What you should do
Using the material that follows, output exactly the lines from the one containing "Statistics for Long-Memory" through the one containing "BOUCLES CRIOLLAS INLOVE CŒUR À POIS2", with both ends kept.

* * * *

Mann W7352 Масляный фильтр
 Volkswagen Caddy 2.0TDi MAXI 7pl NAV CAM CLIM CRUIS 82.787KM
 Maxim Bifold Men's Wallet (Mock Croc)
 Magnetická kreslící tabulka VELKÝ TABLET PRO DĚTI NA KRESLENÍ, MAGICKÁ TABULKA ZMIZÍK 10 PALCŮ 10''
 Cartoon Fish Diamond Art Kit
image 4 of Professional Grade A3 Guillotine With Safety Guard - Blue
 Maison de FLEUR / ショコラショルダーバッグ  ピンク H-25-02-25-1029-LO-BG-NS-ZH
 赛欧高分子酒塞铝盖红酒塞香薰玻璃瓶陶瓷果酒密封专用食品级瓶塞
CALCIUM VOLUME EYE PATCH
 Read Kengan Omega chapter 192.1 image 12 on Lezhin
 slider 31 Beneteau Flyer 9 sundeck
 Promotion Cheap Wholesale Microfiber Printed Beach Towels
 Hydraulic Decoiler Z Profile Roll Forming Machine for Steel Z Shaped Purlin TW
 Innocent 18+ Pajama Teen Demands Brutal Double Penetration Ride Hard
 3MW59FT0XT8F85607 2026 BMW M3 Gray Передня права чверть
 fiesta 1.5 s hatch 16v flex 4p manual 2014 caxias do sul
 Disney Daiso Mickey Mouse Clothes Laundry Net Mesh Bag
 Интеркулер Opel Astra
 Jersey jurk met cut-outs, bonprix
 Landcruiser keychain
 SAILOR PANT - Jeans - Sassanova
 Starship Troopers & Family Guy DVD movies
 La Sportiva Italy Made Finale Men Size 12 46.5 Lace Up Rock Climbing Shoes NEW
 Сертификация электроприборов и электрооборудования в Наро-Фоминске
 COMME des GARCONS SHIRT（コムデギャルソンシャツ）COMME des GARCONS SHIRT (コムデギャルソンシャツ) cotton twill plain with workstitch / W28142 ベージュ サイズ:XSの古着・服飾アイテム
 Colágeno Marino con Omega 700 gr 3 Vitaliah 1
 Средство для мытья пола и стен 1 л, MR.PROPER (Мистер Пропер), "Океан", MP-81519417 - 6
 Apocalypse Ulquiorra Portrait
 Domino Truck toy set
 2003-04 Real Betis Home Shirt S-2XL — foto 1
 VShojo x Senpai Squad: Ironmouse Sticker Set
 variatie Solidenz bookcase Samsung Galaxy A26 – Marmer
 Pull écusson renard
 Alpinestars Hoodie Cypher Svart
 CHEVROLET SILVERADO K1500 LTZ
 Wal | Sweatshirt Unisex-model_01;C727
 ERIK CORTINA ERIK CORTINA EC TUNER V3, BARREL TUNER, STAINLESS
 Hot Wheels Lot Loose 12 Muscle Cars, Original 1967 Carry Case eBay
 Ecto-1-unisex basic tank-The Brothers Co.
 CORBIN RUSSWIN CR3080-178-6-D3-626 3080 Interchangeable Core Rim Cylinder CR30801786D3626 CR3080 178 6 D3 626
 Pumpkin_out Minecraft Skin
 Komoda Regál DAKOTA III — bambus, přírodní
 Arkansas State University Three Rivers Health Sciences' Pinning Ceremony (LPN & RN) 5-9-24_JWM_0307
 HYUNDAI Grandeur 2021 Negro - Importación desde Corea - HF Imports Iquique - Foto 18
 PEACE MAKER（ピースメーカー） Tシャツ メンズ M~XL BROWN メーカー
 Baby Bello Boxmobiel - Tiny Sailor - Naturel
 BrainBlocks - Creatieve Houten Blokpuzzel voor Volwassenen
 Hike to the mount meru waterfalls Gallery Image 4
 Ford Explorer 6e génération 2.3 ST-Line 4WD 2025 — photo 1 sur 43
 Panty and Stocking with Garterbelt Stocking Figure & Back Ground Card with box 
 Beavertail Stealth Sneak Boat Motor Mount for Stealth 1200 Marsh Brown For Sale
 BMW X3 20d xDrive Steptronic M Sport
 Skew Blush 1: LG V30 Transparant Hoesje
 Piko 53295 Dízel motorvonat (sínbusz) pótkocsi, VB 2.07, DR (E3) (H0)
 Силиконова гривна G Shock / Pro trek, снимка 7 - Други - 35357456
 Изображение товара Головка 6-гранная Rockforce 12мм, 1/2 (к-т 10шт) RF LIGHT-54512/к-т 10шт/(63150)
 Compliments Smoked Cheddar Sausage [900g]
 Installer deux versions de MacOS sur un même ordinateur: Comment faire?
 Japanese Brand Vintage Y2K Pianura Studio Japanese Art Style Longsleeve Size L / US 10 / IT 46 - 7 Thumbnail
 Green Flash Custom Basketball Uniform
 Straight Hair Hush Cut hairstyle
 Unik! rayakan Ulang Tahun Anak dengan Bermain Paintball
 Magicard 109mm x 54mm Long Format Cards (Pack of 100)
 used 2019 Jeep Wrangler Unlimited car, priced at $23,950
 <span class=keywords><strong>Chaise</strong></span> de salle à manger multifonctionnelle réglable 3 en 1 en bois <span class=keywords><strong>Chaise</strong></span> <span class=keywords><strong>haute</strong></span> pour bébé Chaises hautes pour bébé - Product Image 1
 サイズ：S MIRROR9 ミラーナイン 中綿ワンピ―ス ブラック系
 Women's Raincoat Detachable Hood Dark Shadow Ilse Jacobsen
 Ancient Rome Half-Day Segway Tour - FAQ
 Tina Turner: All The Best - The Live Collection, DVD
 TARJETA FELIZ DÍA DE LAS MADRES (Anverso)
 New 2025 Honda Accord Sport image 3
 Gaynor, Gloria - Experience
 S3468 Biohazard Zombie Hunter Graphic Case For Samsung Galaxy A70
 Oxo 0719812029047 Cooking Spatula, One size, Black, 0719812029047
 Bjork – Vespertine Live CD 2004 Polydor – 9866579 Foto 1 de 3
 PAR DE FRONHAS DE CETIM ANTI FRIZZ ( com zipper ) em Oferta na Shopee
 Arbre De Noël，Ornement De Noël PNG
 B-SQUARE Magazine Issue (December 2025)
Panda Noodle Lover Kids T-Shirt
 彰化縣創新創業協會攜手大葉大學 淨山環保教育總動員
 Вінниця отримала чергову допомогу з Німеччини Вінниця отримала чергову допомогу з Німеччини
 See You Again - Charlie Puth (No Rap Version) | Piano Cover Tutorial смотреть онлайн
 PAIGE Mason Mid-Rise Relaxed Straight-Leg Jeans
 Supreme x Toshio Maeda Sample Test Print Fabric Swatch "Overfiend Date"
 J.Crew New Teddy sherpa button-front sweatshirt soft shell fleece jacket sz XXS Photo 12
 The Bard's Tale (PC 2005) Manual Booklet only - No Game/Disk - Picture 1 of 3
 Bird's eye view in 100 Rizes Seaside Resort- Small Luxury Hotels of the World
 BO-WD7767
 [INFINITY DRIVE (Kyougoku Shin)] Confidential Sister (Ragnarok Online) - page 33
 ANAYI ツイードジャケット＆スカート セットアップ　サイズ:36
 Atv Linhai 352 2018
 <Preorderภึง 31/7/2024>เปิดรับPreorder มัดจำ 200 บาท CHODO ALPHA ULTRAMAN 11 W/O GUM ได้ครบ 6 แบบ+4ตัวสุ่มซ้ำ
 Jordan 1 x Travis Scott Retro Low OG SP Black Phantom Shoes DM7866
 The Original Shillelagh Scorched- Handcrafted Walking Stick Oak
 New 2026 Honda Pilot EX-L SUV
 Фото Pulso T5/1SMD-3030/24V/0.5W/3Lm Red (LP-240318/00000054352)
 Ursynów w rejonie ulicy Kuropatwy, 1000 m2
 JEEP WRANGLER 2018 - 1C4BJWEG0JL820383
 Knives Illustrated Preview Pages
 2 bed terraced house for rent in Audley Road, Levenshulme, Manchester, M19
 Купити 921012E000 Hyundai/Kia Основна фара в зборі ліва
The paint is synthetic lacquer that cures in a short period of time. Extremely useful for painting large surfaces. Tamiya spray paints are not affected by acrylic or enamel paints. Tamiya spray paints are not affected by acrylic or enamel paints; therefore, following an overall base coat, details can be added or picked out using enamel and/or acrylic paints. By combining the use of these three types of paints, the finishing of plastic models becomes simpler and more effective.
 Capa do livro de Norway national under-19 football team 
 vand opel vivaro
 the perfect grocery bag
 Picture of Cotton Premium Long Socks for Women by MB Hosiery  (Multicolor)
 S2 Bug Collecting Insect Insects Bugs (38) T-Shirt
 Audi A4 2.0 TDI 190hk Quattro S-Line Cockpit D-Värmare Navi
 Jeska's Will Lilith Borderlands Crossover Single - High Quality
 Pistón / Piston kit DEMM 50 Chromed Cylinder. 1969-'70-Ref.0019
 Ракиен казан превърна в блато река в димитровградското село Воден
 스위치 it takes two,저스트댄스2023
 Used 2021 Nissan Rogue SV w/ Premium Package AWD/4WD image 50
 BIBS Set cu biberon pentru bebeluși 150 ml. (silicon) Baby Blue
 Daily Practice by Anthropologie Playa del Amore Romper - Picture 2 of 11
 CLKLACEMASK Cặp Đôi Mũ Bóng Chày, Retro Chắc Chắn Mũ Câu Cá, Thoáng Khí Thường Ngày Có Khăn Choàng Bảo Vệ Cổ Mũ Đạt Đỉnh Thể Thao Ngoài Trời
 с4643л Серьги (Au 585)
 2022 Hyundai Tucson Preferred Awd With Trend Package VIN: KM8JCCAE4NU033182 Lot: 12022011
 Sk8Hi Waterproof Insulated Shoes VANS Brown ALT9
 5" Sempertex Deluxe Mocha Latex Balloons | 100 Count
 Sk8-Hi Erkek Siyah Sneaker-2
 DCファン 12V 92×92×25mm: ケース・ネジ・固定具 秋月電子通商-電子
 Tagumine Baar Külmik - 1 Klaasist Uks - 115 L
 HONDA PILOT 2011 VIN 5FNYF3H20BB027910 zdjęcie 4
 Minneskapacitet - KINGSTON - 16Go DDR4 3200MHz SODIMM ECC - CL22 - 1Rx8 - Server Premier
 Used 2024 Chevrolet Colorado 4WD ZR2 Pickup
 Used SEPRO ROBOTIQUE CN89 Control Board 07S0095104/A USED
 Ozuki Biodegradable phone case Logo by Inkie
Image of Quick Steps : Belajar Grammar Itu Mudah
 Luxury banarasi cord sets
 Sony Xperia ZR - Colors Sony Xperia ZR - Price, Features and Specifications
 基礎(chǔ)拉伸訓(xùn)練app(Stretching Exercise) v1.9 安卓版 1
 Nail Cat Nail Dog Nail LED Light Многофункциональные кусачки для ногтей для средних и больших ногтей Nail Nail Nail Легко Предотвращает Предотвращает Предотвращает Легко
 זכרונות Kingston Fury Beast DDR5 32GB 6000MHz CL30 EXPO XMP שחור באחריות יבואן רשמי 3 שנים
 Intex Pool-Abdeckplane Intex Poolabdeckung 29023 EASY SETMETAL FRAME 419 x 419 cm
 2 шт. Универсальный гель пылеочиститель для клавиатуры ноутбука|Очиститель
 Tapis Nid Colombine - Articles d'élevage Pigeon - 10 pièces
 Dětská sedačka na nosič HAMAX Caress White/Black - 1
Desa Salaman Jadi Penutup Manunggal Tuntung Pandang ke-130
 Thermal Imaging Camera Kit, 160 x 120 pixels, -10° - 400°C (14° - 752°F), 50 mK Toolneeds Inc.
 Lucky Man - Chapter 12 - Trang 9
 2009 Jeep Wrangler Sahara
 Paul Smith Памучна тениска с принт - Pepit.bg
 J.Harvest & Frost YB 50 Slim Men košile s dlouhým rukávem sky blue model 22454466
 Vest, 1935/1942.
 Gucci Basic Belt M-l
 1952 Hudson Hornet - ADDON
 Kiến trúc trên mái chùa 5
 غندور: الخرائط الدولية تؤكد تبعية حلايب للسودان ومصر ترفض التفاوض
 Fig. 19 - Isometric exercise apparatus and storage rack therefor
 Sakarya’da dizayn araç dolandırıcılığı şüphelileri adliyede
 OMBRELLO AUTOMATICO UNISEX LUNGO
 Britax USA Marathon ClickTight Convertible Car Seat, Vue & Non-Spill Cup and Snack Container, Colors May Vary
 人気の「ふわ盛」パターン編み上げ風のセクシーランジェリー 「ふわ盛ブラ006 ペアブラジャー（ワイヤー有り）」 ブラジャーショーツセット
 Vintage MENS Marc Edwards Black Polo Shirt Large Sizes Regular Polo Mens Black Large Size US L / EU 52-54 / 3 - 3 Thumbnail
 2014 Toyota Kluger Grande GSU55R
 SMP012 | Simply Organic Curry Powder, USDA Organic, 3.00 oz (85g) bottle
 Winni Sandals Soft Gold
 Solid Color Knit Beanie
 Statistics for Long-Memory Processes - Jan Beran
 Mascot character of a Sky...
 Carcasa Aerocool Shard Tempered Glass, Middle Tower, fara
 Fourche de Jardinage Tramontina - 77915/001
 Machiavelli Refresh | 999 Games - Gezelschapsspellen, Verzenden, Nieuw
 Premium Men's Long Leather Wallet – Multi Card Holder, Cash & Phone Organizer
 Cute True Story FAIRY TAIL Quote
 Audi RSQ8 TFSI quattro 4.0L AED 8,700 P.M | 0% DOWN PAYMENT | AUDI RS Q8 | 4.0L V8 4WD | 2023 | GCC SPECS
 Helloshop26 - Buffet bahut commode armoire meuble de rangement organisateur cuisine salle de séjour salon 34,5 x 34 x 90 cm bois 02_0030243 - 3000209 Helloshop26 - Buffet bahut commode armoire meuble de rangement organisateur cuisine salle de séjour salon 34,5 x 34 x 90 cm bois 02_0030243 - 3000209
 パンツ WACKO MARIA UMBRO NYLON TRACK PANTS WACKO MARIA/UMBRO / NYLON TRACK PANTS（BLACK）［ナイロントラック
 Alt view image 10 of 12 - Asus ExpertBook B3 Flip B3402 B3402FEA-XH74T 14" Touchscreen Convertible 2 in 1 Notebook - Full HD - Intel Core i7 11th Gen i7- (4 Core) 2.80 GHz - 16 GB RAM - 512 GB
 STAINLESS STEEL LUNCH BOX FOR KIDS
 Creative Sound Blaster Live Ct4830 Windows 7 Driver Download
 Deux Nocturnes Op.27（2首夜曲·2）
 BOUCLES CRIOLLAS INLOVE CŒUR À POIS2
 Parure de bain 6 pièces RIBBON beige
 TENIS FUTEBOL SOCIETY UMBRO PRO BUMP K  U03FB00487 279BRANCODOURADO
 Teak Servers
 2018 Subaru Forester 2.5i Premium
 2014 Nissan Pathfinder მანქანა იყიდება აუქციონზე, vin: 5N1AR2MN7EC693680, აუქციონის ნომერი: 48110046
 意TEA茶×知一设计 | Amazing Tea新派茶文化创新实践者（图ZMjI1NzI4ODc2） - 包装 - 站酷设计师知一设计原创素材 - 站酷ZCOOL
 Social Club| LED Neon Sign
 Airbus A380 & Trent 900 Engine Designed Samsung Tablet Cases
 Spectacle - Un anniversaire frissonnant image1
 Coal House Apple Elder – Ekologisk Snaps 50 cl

* * * *

Written answer
 Statistics for Long-Memory Processes - Jan Beran
 Mascot character of a Sky...
 Carcasa Aerocool Shard Tempered Glass, Middle Tower, fara
 Fourche de Jardinage Tramontina - 77915/001
 Machiavelli Refresh | 999 Games - Gezelschapsspellen, Verzenden, Nieuw
 Premium Men's Long Leather Wallet – Multi Card Holder, Cash & Phone Organizer
 Cute True Story FAIRY TAIL Quote
 Audi RSQ8 TFSI quattro 4.0L AED 8,700 P.M | 0% DOWN PAYMENT | AUDI RS Q8 | 4.0L V8 4WD | 2023 | GCC SPECS
 Helloshop26 - Buffet bahut commode armoire meuble de rangement organisateur cuisine salle de séjour salon 34,5 x 34 x 90 cm bois 02_0030243 - 3000209 Helloshop26 - Buffet bahut commode armoire meuble de rangement organisateur cuisine salle de séjour salon 34,5 x 34 x 90 cm bois 02_0030243 - 3000209
 パンツ WACKO MARIA UMBRO NYLON TRACK PANTS WACKO MARIA/UMBRO / NYLON TRACK PANTS（BLACK）［ナイロントラック
 Alt view image 10 of 12 - Asus ExpertBook B3 Flip B3402 B3402FEA-XH74T 14" Touchscreen Convertible 2 in 1 Notebook - Full HD - Intel Core i7 11th Gen i7- (4 Core) 2.80 GHz - 16 GB RAM - 512 GB
 STAINLESS STEEL LUNCH BOX FOR KIDS
 Creative Sound Blaster Live Ct4830 Windows 7 Driver Download
 Deux Nocturnes Op.27（2首夜曲·2）
 BOUCLES CRIOLLAS INLOVE CŒUR À POIS2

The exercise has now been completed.